Principle of the Darkfield Microscope

 A dark field microscope is arranged so that the light source is blocked off, causing light
to scatter as it hits the specimen.
 This is ideal for making objects with refractive values similar to the background appear
bright against a dark background.
 When light hits an object, rays are scattered in all azimuths or directions. The design of
the dark field microscope is such that it removes the dispersed light, or zeroth order, so
that only the scattered beams hit the sample.

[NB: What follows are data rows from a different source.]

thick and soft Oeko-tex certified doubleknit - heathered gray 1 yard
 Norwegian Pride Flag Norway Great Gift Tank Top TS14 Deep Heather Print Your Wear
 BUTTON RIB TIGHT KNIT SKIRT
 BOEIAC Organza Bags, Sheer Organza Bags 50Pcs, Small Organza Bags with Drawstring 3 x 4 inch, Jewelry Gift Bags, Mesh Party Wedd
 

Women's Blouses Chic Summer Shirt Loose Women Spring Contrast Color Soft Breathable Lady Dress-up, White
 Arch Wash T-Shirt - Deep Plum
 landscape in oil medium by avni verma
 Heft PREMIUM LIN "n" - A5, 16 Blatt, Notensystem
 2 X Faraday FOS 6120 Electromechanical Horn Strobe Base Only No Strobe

 The introduction of a condenser and/or stop below the stage ensures that these light rays
will hit the specimen at different angles, rather than as a direct light source above/below
the object.
 The result is a “cone of light” where rays are diffracted, reflected and/or refracted off
the object, ultimately, allowing the individual to view a specimen in dark field.

This is to say:
1. The dark-ground microscopy makes use of the dark-ground microscope, a special type
of compound light microscope.
2. The dark-field condenser with a central circular stop, which illuminates the object with
a cone of light, is the most essential part of the dark-ground microscope.
3. This microscope uses reflected light instead of transmitted light used in the ordinary
light microscope.
4. It prevents light from falling directly on the objective lens.
5. Light rays falling on the object are reflected or scattered onto the objective lens with
the result that the microorganisms appear brightly stained against a dark background.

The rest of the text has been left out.